For someone who prides herself on feeding two people for £20 per week, I’m a terrible food snob. I’ll happy eat from economy tins; in my book, however, certain foodstuffs are above compromise. One of these is pasta. I don’t like eating any brand other than De Cecco, which is made using bronze drawplates and is slowly dried (see: told you I was a terrible snob). Until fairly recently, it was the only pasta I would buy. It’s thicker and takes a little longer to cook, but it holds its shape and texture and doesn’t turn to sludge like other, cheaper brands. I know it’s just wheat and water but the sad truth is, when I was in a supermarket in Italy and discovered an aisle stacked with De Cecco end-to-end, I practically wet myself with excitement. When its penne and fusilli began turning up in British supermarkets, there was no turning back.
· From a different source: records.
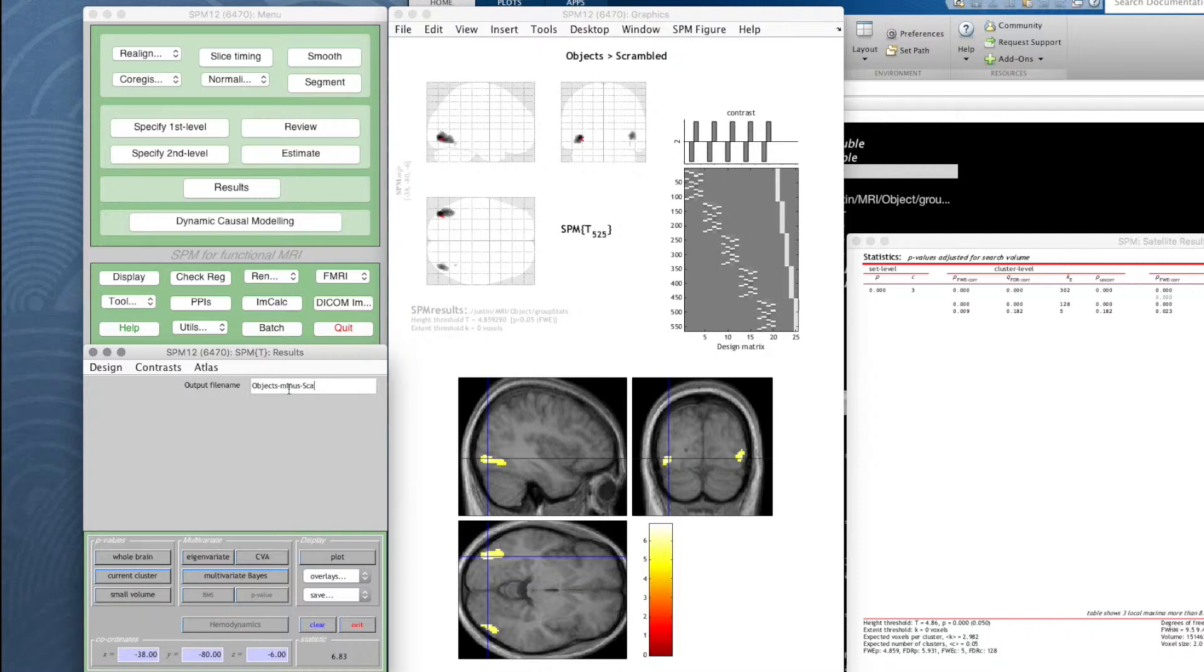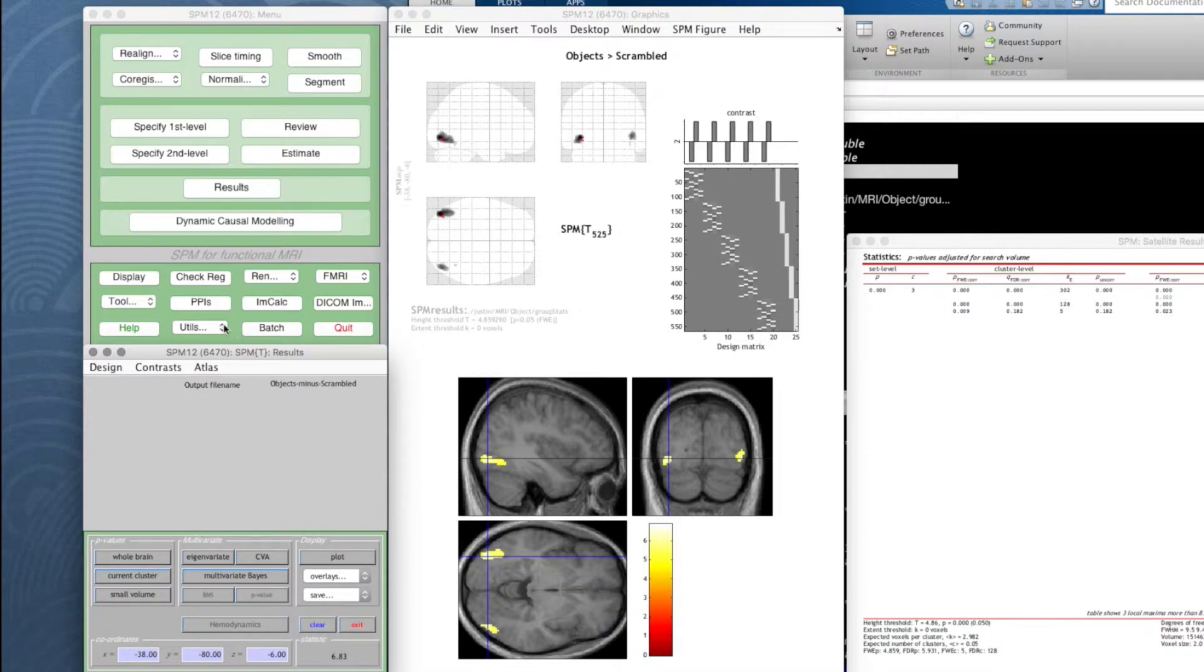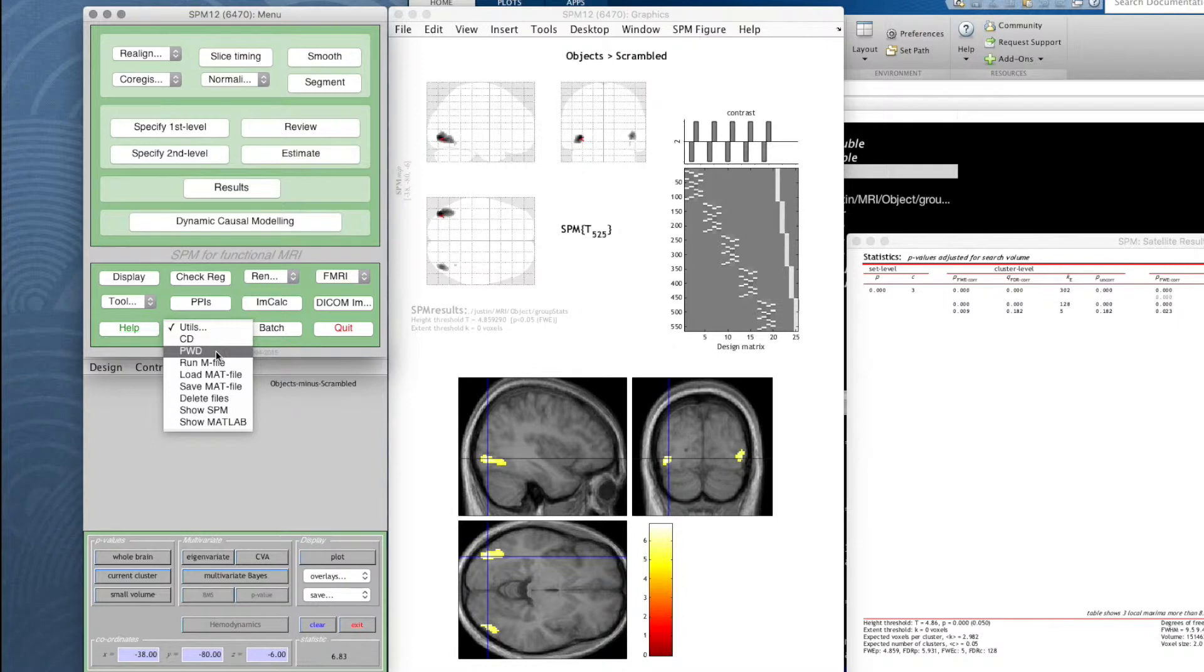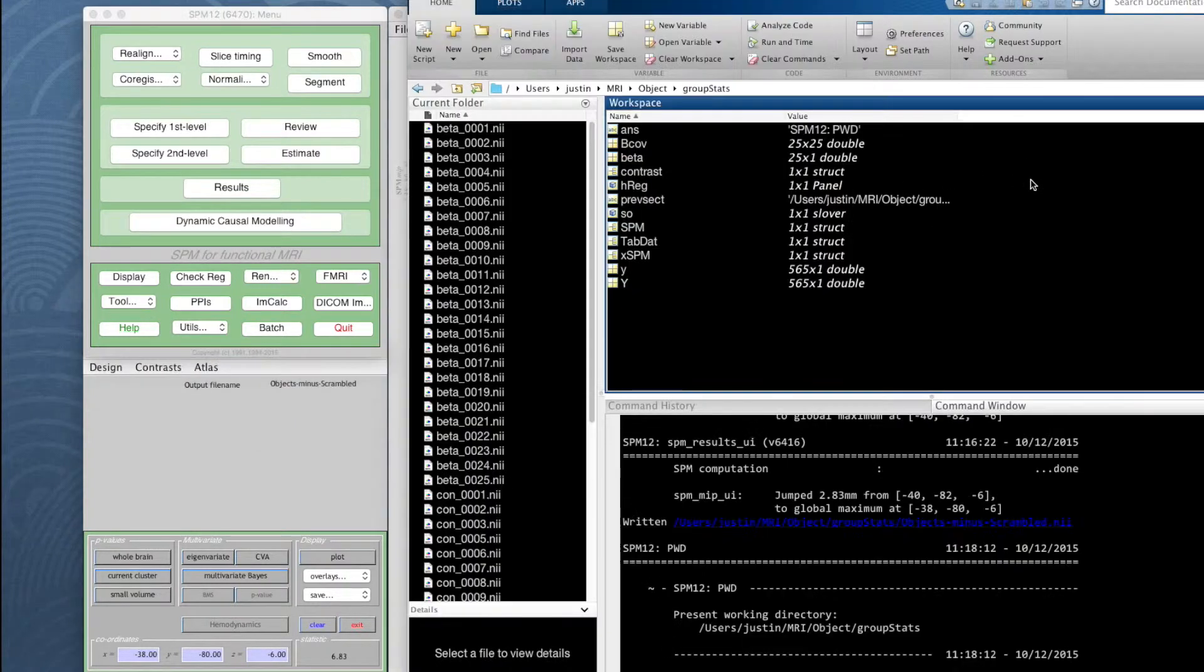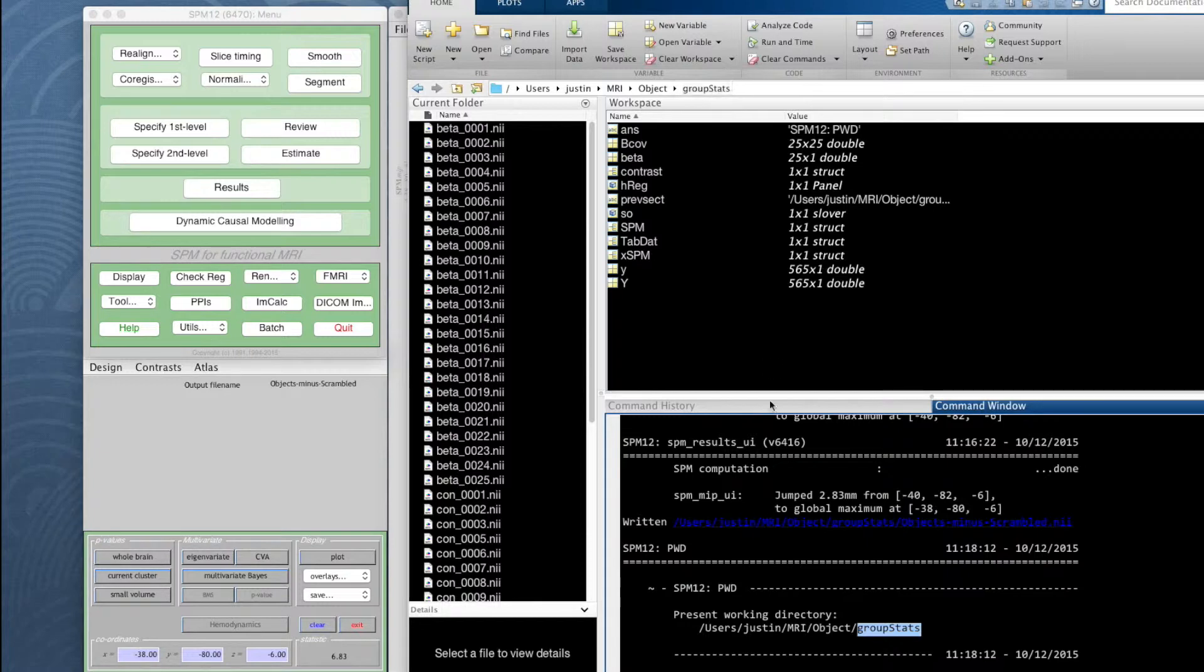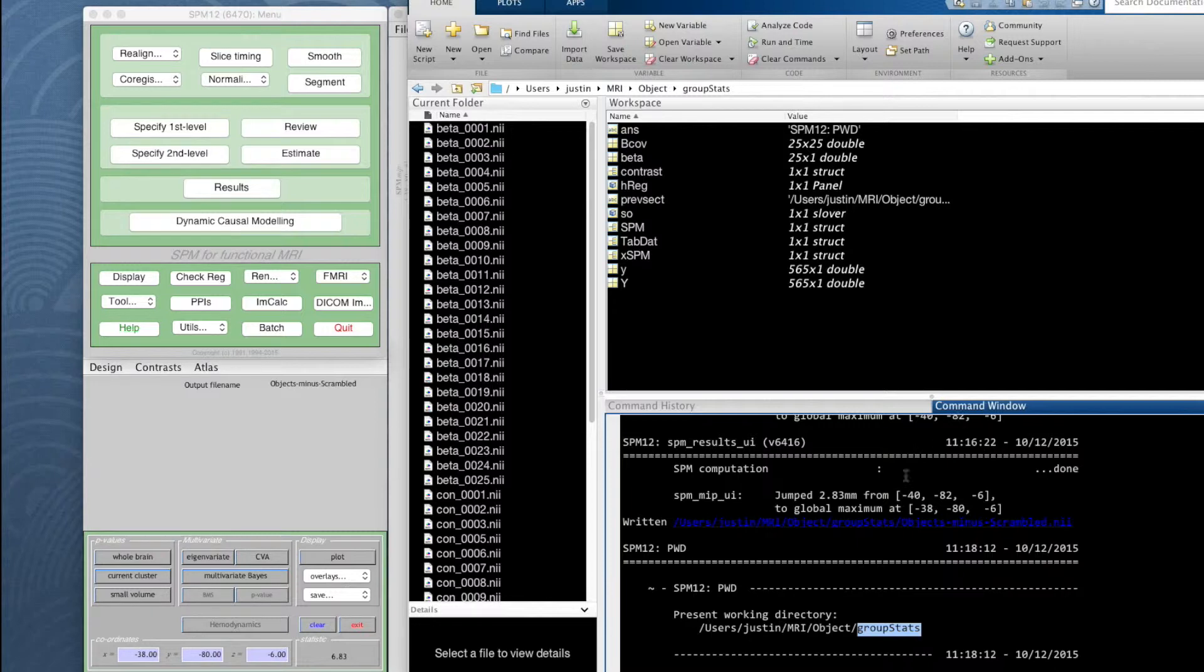I wonder where it's put that. If I go to utilities, PWD stands for print working directory. It tells us what directory we're in. It says we're in our group stats directory. MATLAB nowadays tells you all these things anyway. As ever the command window has all the useful information. It has written objects minus scrambled dot nii file in there. Fantastic.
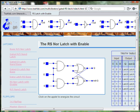In this session, I will demonstrate how the Set Reset Latch with Enable works.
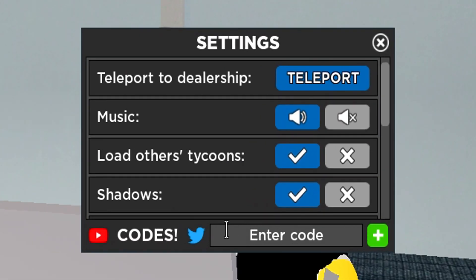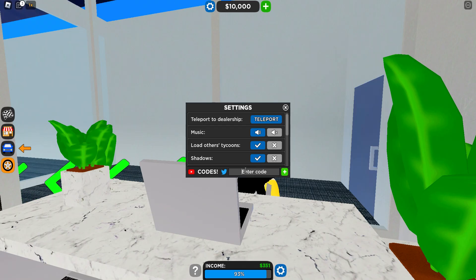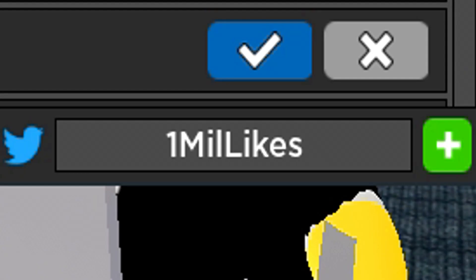To redeem the codes we have to click here. Write the codes that I am going to tell you in this box. The new codes are these.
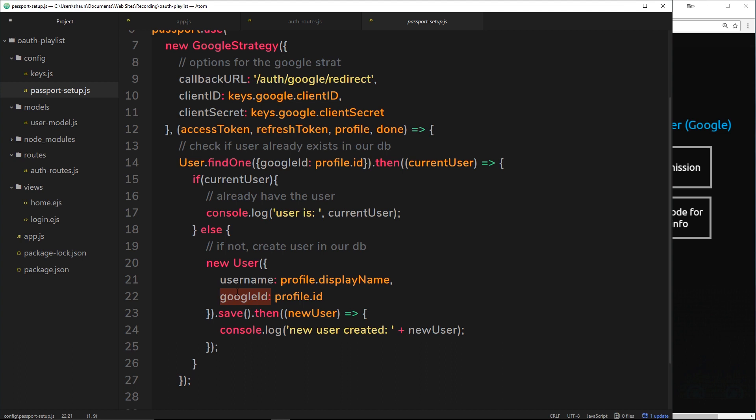Other people might have a Facebook ID or a GitHub ID, so we can't really use that. Instead, what we're going to do is use the ID that MongoDB created for us. Remember when we created a new user, MongoDB automatically created an ID for that user which was different from the profile ID from Google. Every single person in our database — whether they signed up with Facebook, Google, or GitHub — is going to have that MongoDB ID.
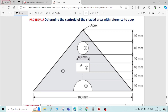This is problem number 17 on centroid of plane figures. The question is to determine the centroid of the shaded area with reference to the apex, which means the top point of the triangle. So, this point is the apex, and with respect to this apex point we have to determine the centroid of the shaded area.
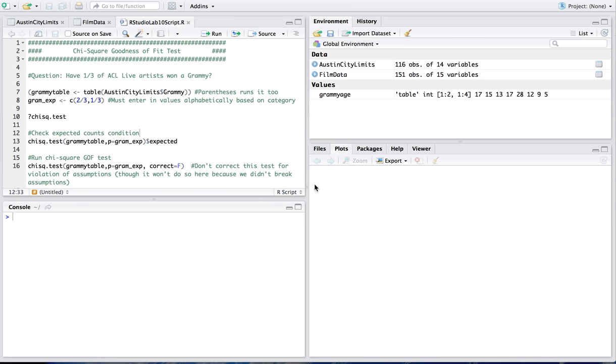In this R tutorial, we're going to be discussing how to do chi-square goodness-of-fit tests, chi-square tests of homogeneity and independence, and then also how to run hypothesis tests on the true population slope for a set of bivariate data.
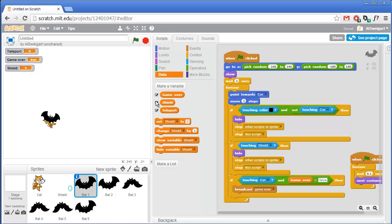I hope you found this screencast to be helpful. I'm Al Swigert and this is the Invent with Scratch screencast. You can find more screencasts at inventwithscratch.com. Thanks for watching.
Of course, soaring wheat prices have pushed the cost of pasta skywards in recent months. Sadly, those gleaming De Cecco packets are now guaranteed to kick my food budget to the kerb. I could get round it – just – when De Cecco was £0.99 per packet. Now it’s £1.45 and counting, I’ve had to downgrade. I’ve even started buying the £0.19 value range packets from Sainsburys: they don’t taste half as nice as my preferred brand, but I’ve found that there is really very little difference between the value range pasta and the slightly posher supermarket version.
I will confess that my heart jumped for joy when, mooching around Sainsburys this afternoon, I found that the tortiglione is on special offer. It is reduced from £1.45 to £1.11. I’m grabbing it while it lasts: even Miss Thrifty is allowed special treats once in a while.